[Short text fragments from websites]
--------------------------------------------------

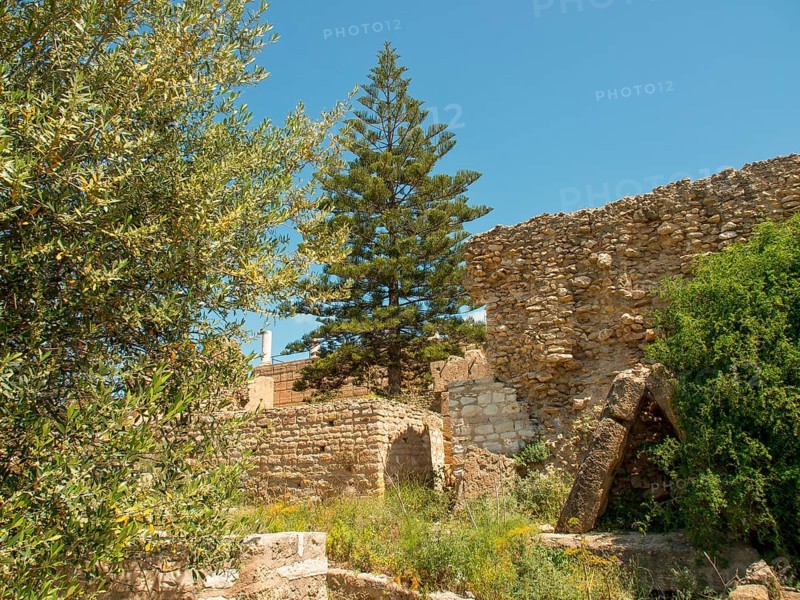 Ruins and stone walls of an ancient structure surrounded by vegetation under a summer sky, Tunis in Africa with ruins from Roman times, modern mosques and blue and white houses in sidi-bou-said, Tunis, Tunisia, Africa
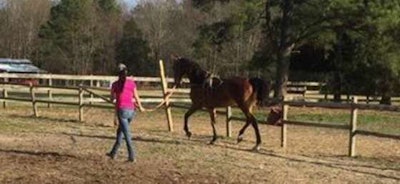 Meadows waling her rescue horse Sunny around the ring. (Image Courtesy of Rebekah Meadows)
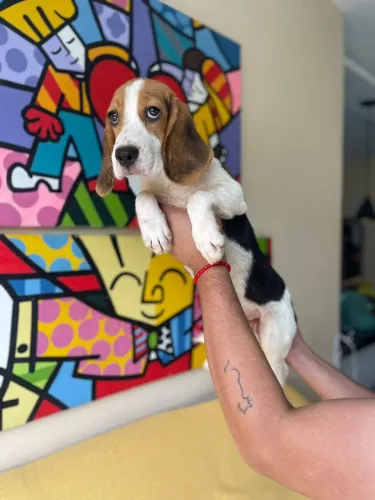 Beagle Macho
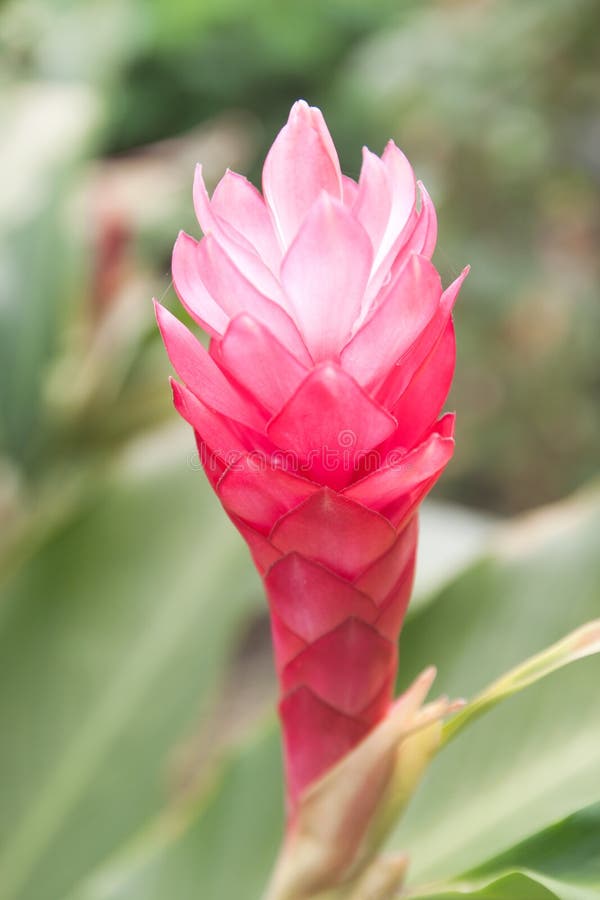 Zingiber officinale Roscoe (ZINGIBERACEAE) (Thai Ginger)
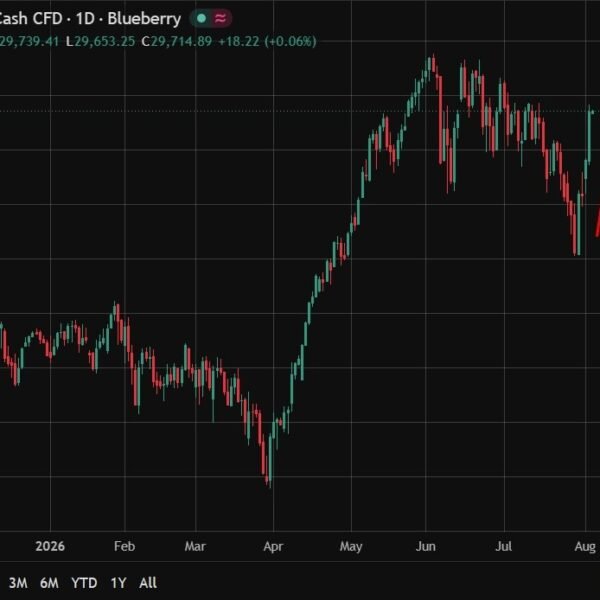 Situational Awareness backers included Silicon Valley elite earlier than AI bets soured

--------------------------------------------------

• Exercise:
Take only the line containing "Zingiber officinale Roscoe" and every line after it to the end of the entries, and copy them exactly, pictures excluded.

• Task output:
 Zingiber officinale Roscoe (ZINGIBERACEAE) (Thai Ginger)
 Situational Awareness backers included Silicon Valley elite earlier than AI bets soured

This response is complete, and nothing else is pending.